== RECORDS PROVIDED

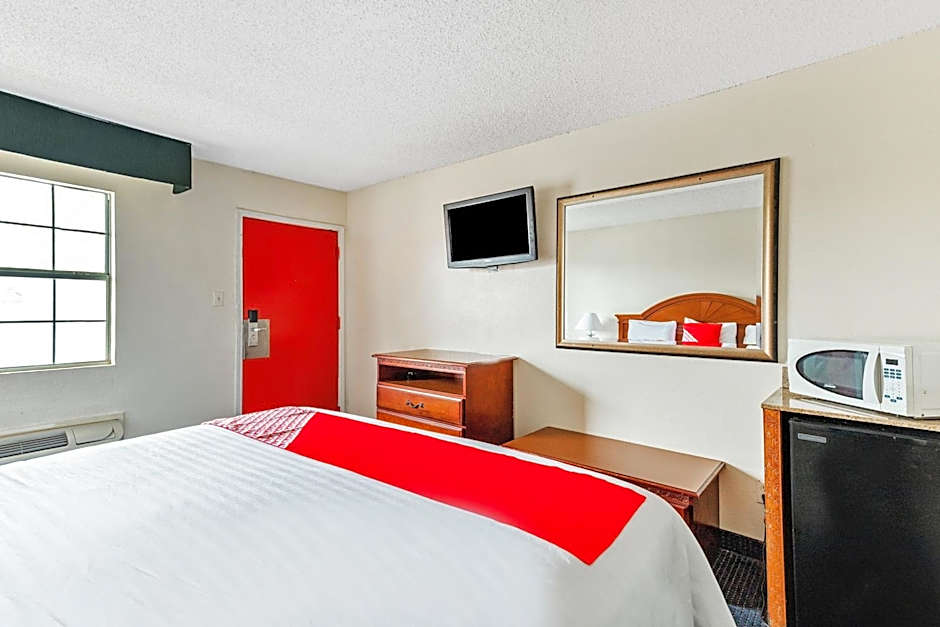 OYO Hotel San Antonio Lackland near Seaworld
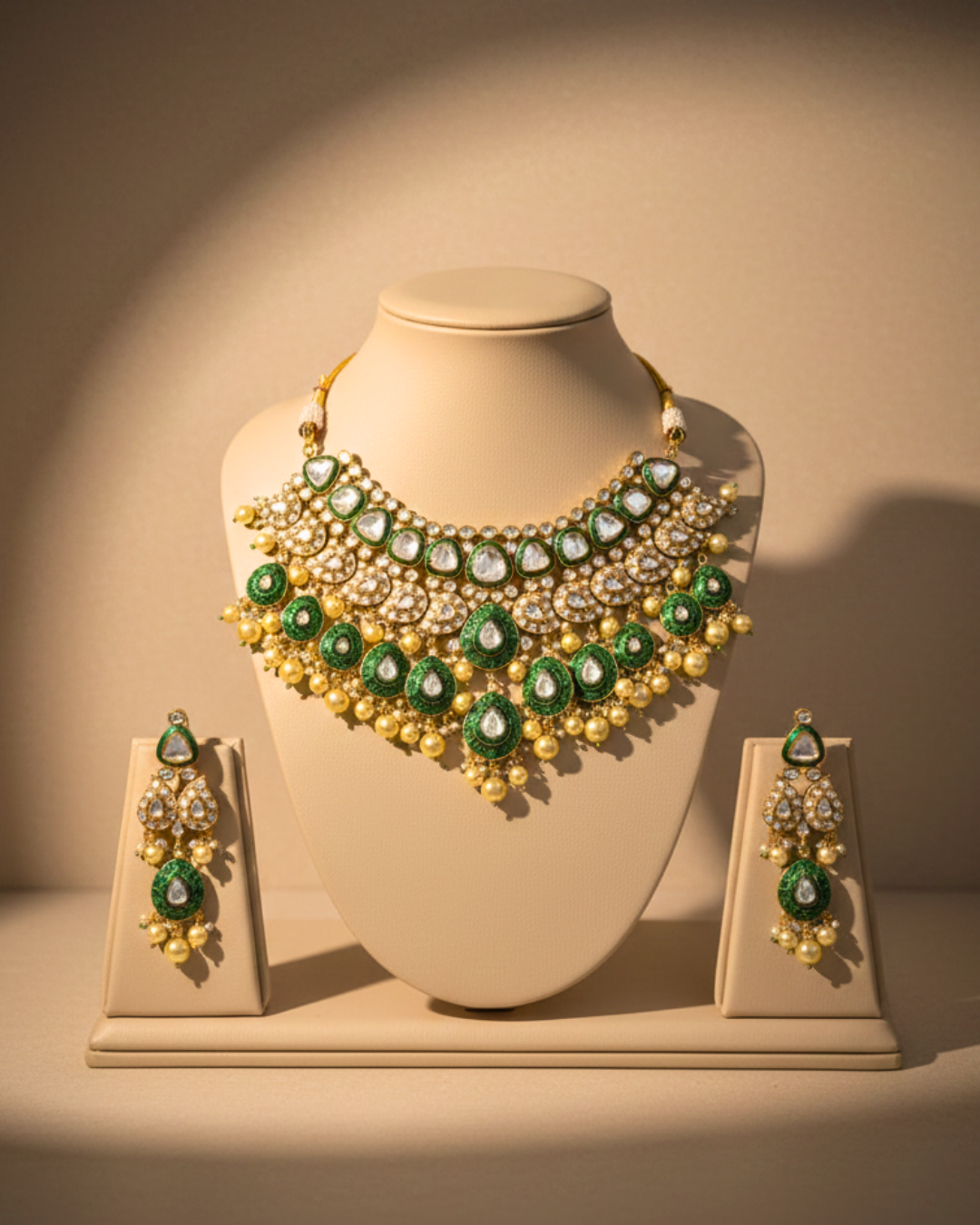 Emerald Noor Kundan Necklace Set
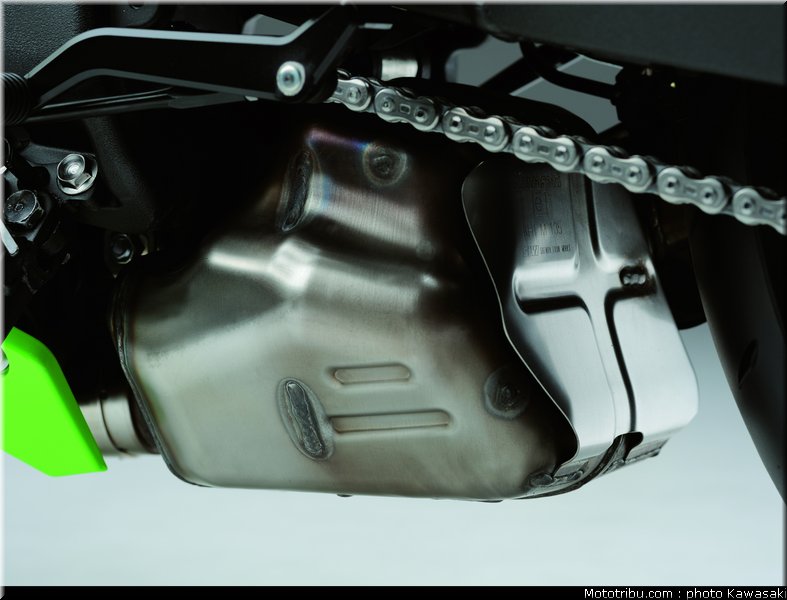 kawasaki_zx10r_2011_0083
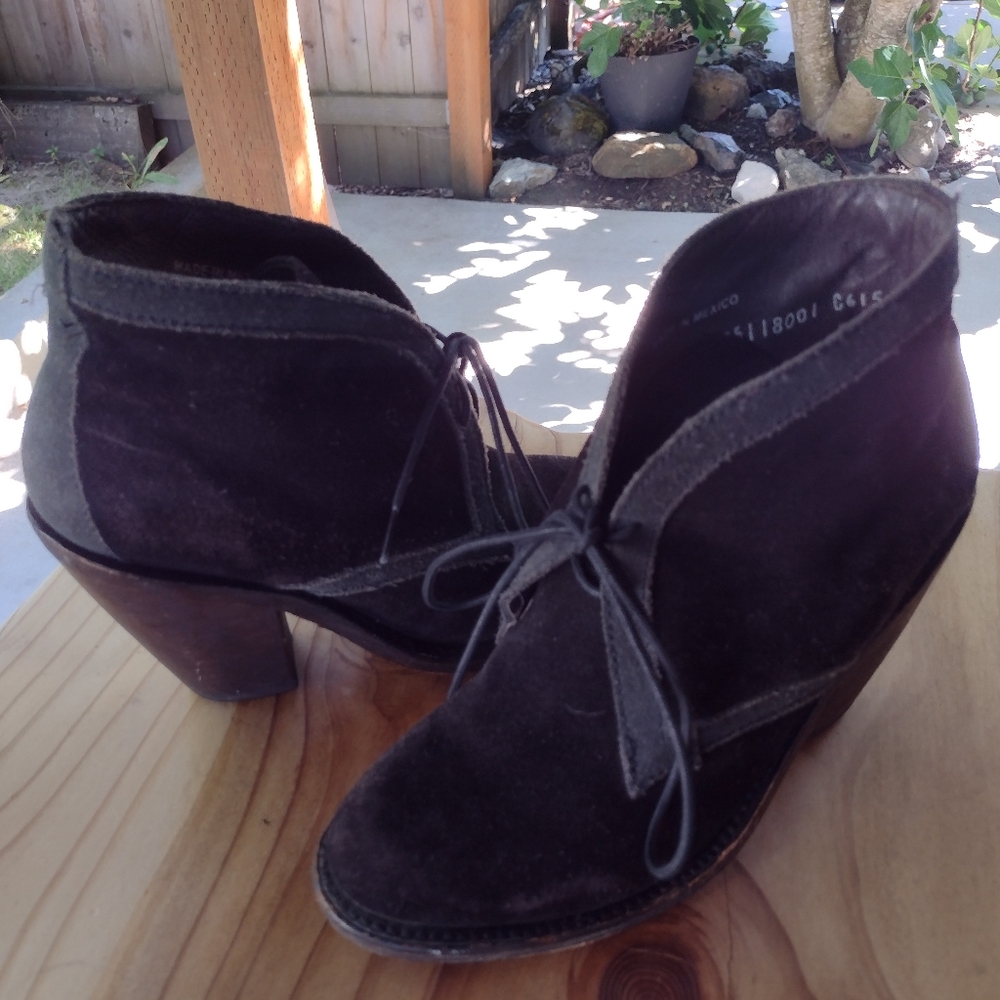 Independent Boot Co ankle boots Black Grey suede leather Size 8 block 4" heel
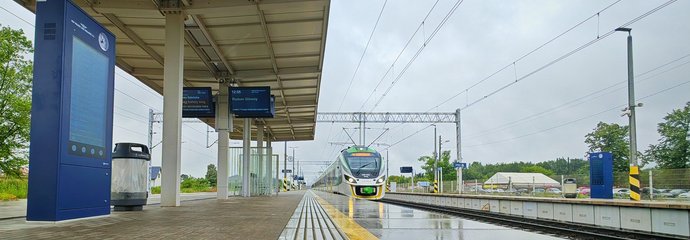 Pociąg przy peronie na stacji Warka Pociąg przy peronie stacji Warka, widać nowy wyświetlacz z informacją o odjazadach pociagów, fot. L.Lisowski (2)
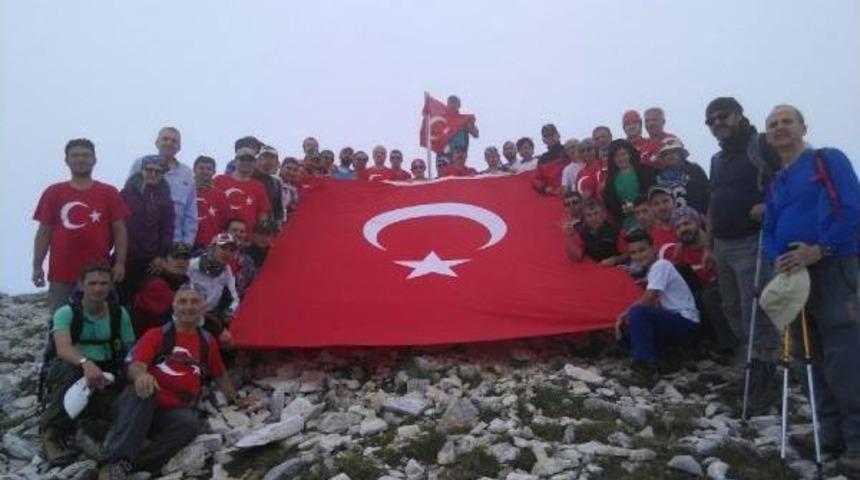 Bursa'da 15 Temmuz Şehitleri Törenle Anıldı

====
== RECORDS PROVIDED

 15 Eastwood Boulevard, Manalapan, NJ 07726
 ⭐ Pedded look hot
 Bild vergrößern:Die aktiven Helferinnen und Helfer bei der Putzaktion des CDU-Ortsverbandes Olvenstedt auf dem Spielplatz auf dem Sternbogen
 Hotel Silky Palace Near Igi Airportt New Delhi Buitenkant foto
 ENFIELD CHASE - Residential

====
== RECORDS PROVIDED

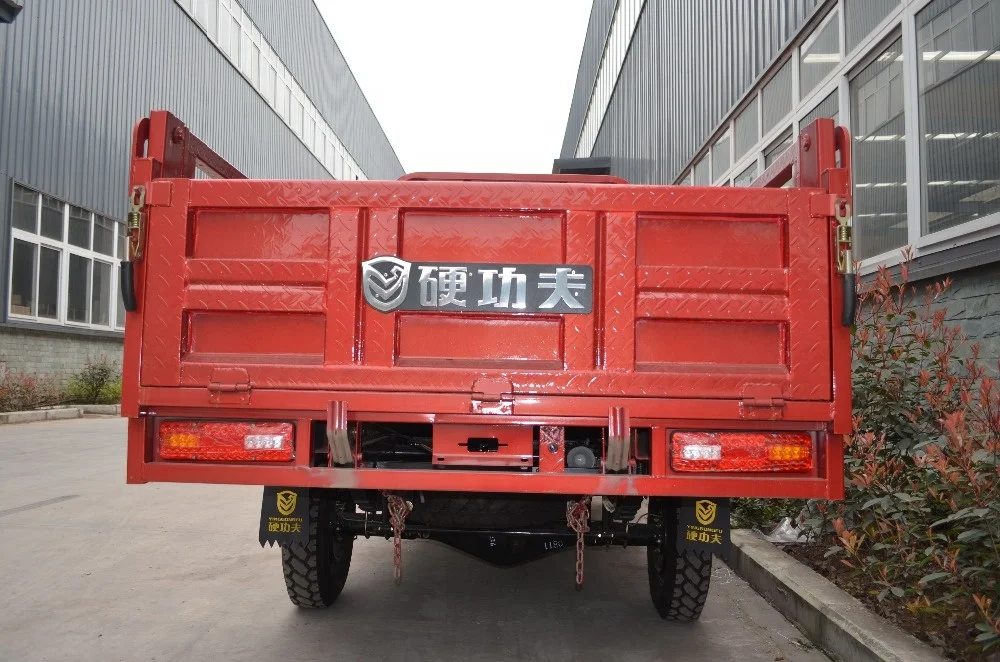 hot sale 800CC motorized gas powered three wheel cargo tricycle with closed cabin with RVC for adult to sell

====

## ACTIVITY
Please transcribe exactly the lines above from the line that has "Bild vergrößern:Die aktiven" up to and including the line that has "ENFIELD CHASE - Residential"; no other line belongs in the answer.

## THE ANSWER
 Bild vergrößern:Die aktiven Helferinnen und Helfer bei der Putzaktion des CDU-Ortsverbandes Olvenstedt auf dem Spielplatz auf dem Sternbogen
 Hotel Silky Palace Near Igi Airportt New Delhi Buitenkant foto
 ENFIELD CHASE - Residential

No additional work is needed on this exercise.